A study in the Solomon Islands by researchers from Australia found that five small islands have vanished, while six others lost significant acreage due to sea level rise. The authors say it's the first scientific confirmation of the dramatic impact of climate change...we have more, from Neal Conan in the Pacific News Minute.
None of the islands that disappeared were inhabited, but they were surrounded by reefs, covered in vegetation, and up to 12 acres in size. "They were not just little sand islands " according to Simon Albert, Senior Research Fellow at the University of Queensland School of Civil Engineering and the lead author of the study, published in Environmental Research Letters.
A larger island, Nuatambu, lost 11 houses and half its inhabitable area, forcing 25 families to relocate... Among them, 94 year old Sirilo Sutaroti, chief of the Paurata tribe. "The sea started to come inland," he told the researchers, "it forced us to move up to the hilltop and rebuild our village."

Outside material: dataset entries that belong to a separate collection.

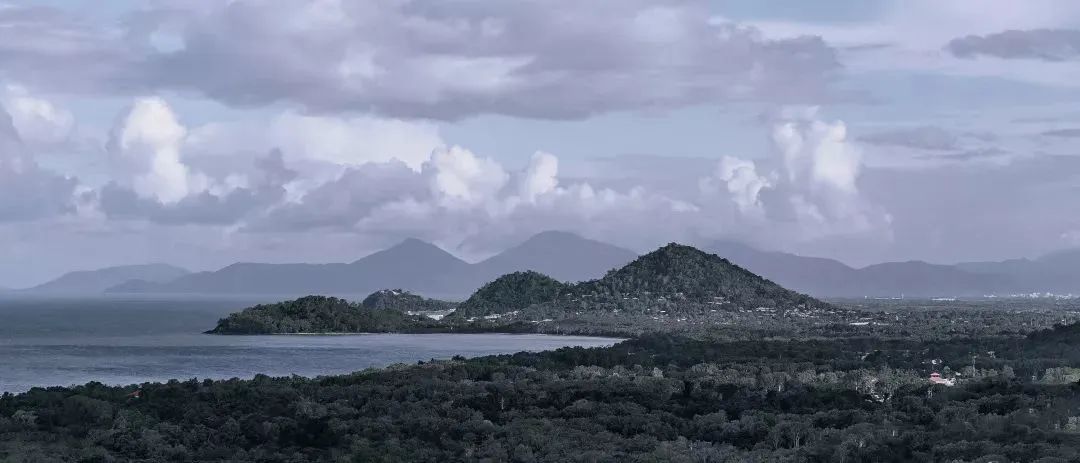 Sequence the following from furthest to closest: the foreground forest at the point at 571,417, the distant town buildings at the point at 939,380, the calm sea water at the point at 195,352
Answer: the calm sea water at the point at 195,352 < the distant town buildings at the point at 939,380 < the foreground forest at the point at 571,417

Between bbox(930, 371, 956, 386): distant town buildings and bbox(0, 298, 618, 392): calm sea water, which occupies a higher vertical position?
bbox(0, 298, 618, 392): calm sea water

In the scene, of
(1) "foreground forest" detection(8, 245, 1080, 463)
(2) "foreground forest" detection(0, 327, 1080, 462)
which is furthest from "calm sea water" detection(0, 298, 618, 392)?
(2) "foreground forest" detection(0, 327, 1080, 462)

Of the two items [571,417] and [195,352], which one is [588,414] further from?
[195,352]

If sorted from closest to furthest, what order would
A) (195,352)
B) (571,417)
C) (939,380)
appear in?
(571,417) → (939,380) → (195,352)

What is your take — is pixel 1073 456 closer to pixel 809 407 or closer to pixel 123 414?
pixel 809 407

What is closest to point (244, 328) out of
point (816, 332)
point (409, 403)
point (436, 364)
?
point (816, 332)

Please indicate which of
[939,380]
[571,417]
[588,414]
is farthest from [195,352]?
[939,380]

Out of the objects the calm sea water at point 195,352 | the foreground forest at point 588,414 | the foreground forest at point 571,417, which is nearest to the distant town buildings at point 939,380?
the foreground forest at point 588,414

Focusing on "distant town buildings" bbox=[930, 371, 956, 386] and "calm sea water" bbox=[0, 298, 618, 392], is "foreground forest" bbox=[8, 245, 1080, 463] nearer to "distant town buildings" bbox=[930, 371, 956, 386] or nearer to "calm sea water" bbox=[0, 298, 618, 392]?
"distant town buildings" bbox=[930, 371, 956, 386]

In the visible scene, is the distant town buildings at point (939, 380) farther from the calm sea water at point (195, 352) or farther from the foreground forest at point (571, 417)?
the calm sea water at point (195, 352) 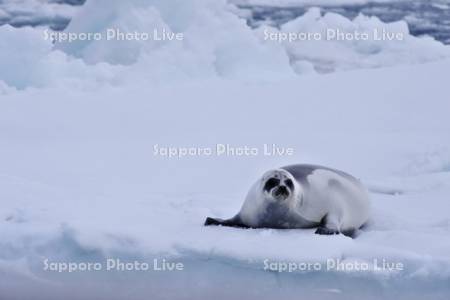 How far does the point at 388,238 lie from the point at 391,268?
585 mm

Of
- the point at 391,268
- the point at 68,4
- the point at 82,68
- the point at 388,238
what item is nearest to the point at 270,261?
the point at 391,268

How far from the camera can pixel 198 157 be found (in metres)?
7.24

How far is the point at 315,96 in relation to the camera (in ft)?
32.8

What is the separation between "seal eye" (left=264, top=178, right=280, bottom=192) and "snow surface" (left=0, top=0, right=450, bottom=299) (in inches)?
8.5

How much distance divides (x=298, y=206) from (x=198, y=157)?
118 inches

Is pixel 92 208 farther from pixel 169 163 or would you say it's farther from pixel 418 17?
pixel 418 17

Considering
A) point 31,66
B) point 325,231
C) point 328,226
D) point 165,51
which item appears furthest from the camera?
point 165,51

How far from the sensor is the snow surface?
143 inches

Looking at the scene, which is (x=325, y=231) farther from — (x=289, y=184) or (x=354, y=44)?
(x=354, y=44)

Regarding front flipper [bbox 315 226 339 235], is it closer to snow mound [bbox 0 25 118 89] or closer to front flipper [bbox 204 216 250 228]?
front flipper [bbox 204 216 250 228]

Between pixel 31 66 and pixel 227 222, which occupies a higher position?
pixel 31 66

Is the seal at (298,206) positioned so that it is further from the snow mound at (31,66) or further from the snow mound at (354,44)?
the snow mound at (354,44)

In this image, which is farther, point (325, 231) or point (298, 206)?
point (298, 206)

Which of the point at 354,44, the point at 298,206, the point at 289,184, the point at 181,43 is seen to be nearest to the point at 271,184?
the point at 289,184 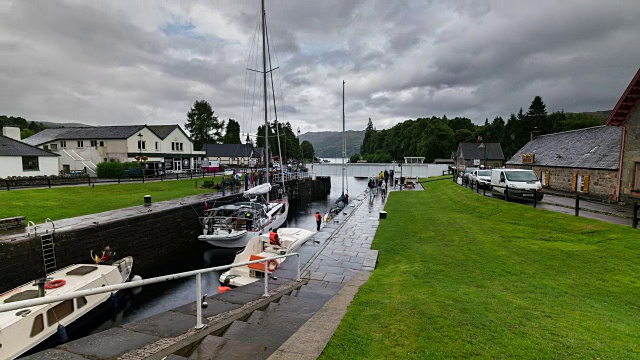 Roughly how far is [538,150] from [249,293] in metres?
36.7

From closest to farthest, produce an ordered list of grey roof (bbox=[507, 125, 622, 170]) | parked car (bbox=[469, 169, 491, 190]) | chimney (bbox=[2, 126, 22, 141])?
grey roof (bbox=[507, 125, 622, 170])
parked car (bbox=[469, 169, 491, 190])
chimney (bbox=[2, 126, 22, 141])

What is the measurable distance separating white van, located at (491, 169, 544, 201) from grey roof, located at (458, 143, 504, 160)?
4518cm

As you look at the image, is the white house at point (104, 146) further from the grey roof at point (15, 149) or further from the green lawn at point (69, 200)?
the green lawn at point (69, 200)

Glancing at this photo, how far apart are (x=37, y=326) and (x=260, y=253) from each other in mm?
7994

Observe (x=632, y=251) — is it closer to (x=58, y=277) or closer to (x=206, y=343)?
(x=206, y=343)

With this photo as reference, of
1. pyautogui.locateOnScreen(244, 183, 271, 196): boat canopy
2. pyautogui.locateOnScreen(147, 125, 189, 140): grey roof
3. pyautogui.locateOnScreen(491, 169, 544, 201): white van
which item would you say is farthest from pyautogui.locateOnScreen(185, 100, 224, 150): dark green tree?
pyautogui.locateOnScreen(491, 169, 544, 201): white van

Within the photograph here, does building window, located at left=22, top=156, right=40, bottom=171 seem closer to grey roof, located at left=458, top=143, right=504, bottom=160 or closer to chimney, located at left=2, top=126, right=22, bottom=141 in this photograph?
chimney, located at left=2, top=126, right=22, bottom=141

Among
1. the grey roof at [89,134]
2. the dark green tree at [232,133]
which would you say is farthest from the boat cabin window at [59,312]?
the dark green tree at [232,133]

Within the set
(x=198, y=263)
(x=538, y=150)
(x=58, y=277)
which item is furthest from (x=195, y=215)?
(x=538, y=150)

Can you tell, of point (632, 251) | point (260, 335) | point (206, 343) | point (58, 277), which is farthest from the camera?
point (58, 277)

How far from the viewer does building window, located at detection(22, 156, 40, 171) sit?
30.7 meters

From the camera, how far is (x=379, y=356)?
4.31 metres

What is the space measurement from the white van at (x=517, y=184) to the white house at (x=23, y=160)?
42.8 metres

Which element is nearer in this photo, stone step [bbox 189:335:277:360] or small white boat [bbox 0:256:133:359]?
stone step [bbox 189:335:277:360] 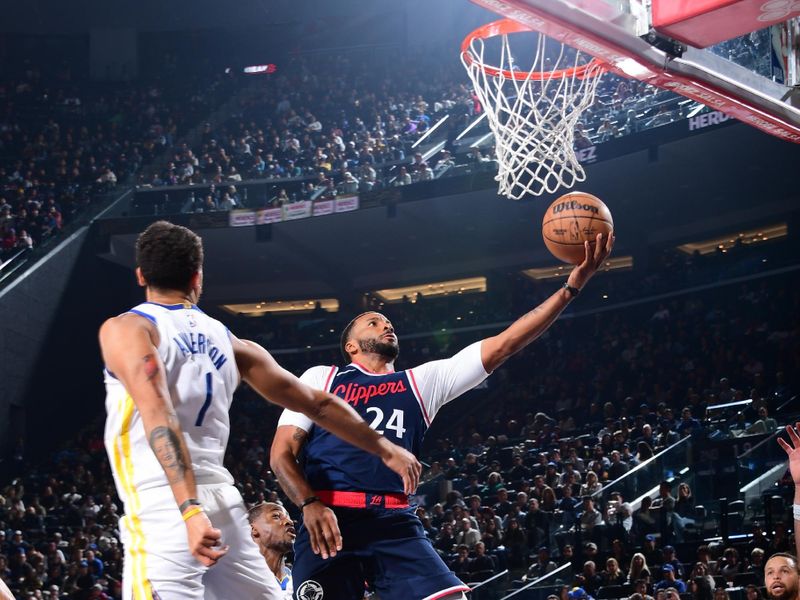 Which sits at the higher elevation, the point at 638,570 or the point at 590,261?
the point at 590,261

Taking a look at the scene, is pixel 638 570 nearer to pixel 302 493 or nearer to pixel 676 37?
pixel 676 37

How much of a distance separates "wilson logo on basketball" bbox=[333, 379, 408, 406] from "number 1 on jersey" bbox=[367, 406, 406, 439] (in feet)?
0.23

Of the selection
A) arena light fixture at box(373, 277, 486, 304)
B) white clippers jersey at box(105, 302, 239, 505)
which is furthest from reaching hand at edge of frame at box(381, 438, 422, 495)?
arena light fixture at box(373, 277, 486, 304)

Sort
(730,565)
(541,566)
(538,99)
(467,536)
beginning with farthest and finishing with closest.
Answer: (467,536), (541,566), (730,565), (538,99)

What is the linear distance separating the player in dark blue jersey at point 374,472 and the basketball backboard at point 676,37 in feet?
4.99

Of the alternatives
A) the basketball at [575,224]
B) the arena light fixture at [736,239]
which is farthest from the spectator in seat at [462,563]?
the arena light fixture at [736,239]

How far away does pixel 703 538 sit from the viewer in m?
11.0

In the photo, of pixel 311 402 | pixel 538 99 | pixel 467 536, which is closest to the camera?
pixel 311 402

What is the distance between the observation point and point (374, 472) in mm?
4504

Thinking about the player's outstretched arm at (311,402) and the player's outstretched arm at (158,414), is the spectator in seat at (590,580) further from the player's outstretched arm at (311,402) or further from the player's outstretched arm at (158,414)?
the player's outstretched arm at (158,414)

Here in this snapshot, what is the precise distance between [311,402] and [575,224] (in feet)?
6.83

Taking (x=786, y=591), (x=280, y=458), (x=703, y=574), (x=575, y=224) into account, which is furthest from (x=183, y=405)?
(x=703, y=574)

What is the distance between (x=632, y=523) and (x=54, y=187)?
54.5 ft

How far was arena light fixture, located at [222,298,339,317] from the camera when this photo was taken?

The study examined the coastlines of 33 reef islands, using aerial and satellite images from 1947 to 2014, and researchers integrated that information with local traditional knowledge, radio carbon dating of trees, sea level records and wave models.
While other studies found that coral reef islands can hold their own and even grow as the sea rises, this study concluded that the rate of sea level rise is critical. In much of the Pacific, that may be less than a tenth of an inch per year, but in the Solomons, the researchers found the sea rising more than three times the global average, as much as four tenths of an inch per year.
That, they say, is more typical of the rate they expect to see across the Pacific in the second half of this century.